The Daily Gamecock

Opinion: SC gay marriage bill does not follow Carolinian Creed

When freshmen first step on campus for orientation, we are taught that the Carolina Creed is like the Force. It surrounds us, binds us and holds our campus together. Nothing emphasized this point more than when President Pastides and Student Body President Lordo made a stand against the racist posters put up on the first day of class, citing the Carolina Creed’s promise to fight discrimination to rousing applause. 

However, a recent bill put before the South Carolina House of Representatives next-door at the Statehouse does not fall in step with the principles of USC.

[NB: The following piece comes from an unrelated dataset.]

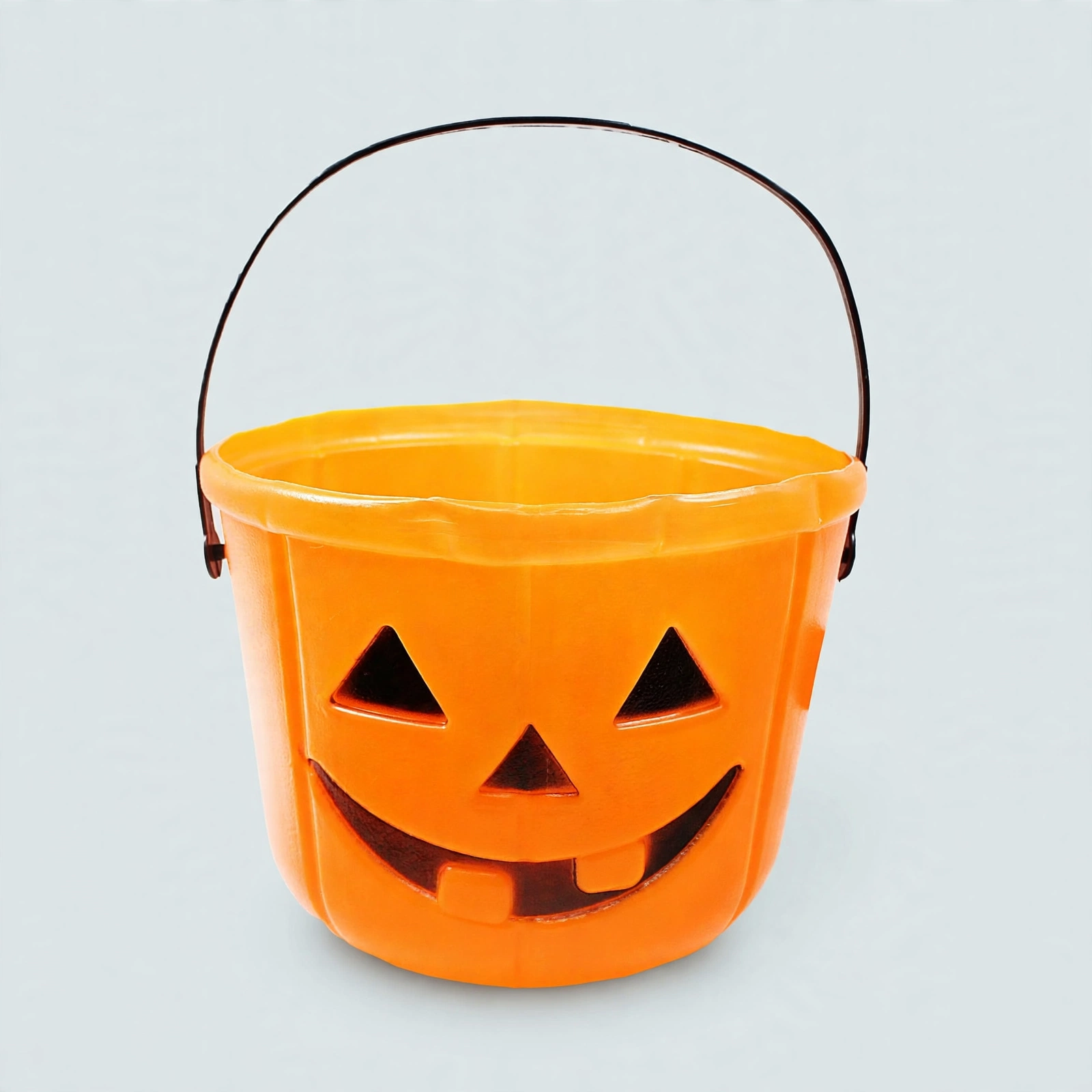 Kids Orange Halloween Trick or Treat Bucket Front View Orange Halloween trick or treat bucket for kids with printed pumpkin face, front view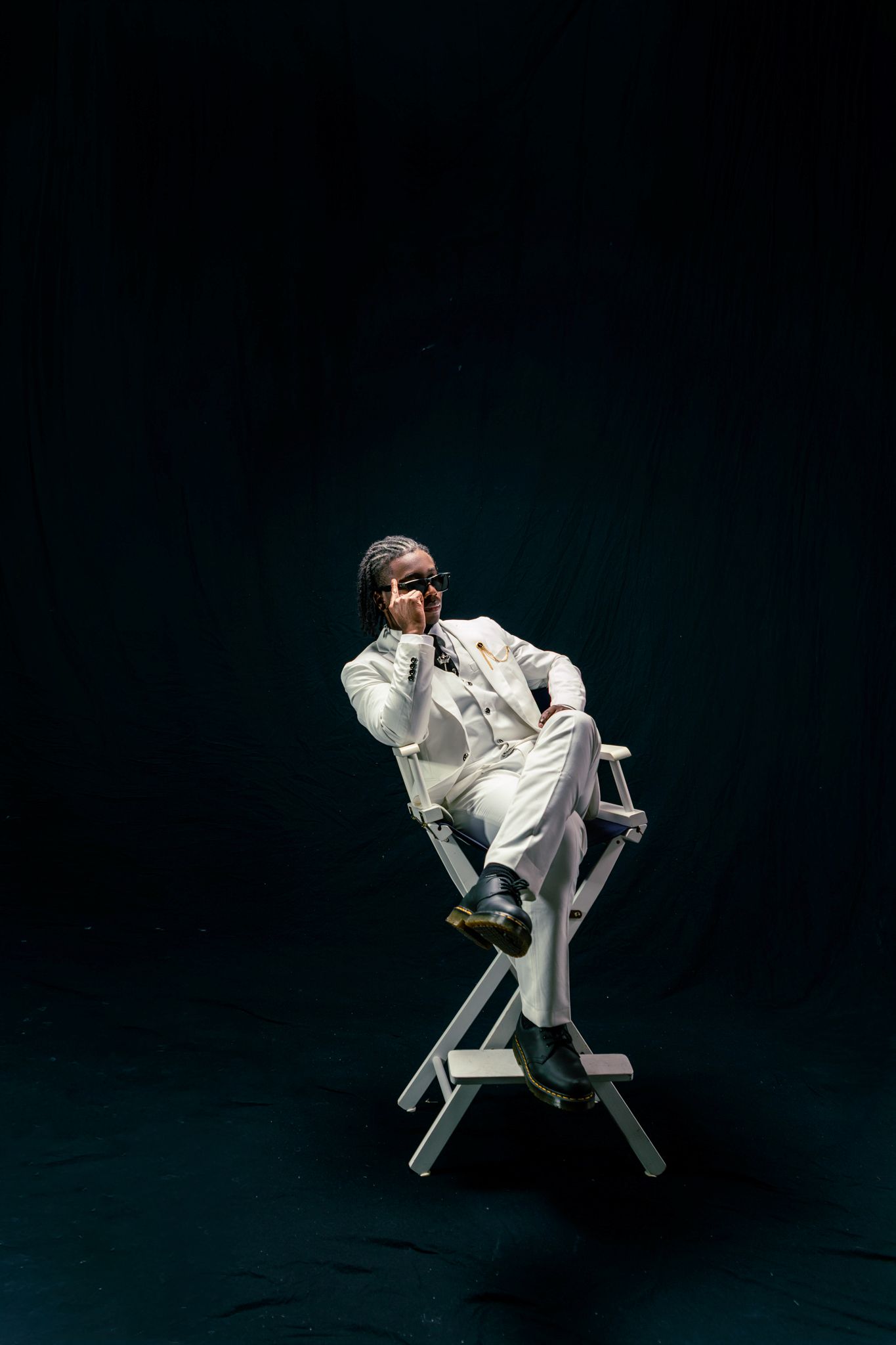 A figure in a white suit sits in a director's chair against a dark background in a dramatic studio photoshoot.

House Bill 4949 is a bill that seeks to redefine marriage in South Carolina. It claims any marriage aside from monogamous, heterosexual marriage is “parody marriage” and should not be recognized by the state. Interestingly enough, all of the bill’s sponsors are white men from red districts in the Upstate, including Representative Rick Martin, who terminated his sponsorship days after the bill was submitted for reasons unknown. 

One must wonder how their Republican ally Mark Sandford, who was censured by the House after visiting his mistress in Argentina and still serves as a representative from Charleston, feels about this legislative shaming from his own party.

The bill itself reads like the ramblings of your contrarian uncle over Thanksgiving dinner, calling secular humanism a religion and thereby using the Establishment Clause of the First Amendment to protect the state from “parody marriage.” In the ultimate display of a lack of self-awareness, the bill states that marriage between a man and a woman is secular while also defining anything other than heterosexual relationships as failing “to check out the human design,” implicitly suggesting a designer and therefore remaining religious.

It goes on to assert that “civilizations for millennia have defined marriage as a union between a man and a woman." Are we just going to forget how many wives Solomon had according to the Bible? Or in more recent terms, how Mormonism initially advocated for polygamy? Even if the writers of the bill were correct in their assumption, what other things have civilization done for generations that we now recognize as inherently wrong, like slavery or genocide? Should we bring those things back solely on the basis that they have been done for thousands of years? 

Several other highlights from this exquisite piece of legislation include the assertion that “parody marriages have never been a part of American tradition and heritage,” which is only factual because the writers of the bill made the concept up themselves. 

The bill also makes the reach of equivocating “parody marriage” with the “religion” of secular humanism, again boggling the mind with the idea that a secular ethos is a religion. It goes on to use the association in conjunction with Obergefell v. Hodges (2015), the Supreme Court case that legalized gay marriage, to repeat the tired rhetoric of oppression by a slim minority of people merely trying to attain their own civil rights. The authors of the bill even accuse secular humanists of attempting to infiltrate public schools and indoctrinate children. Overall, the bill presents itself as a condensed version of the arguments against gay marriage from the past few decades.

To be fair, the bill is still stuck in the House Committee on the Judiciary and, even if it escapes that, there is no way it would pass the House. However, the fact that a bill laced with such vile conspiratorial thinking was even introduced by representatives in our state is alarming to say the least. 

Even though the representatives that introduced the bill are immune to the votes of a large majority of the USC community, they all maintain Columbia offices with easily found phone numbers and email addresses and the Statehouse is only a short walk away from the Horseshoe. I would like to see a USC that not only holds its own students to the standards of the Carolina Creed, but also positively affects the surrounding community to fight back against these types of sentiments on all fronts.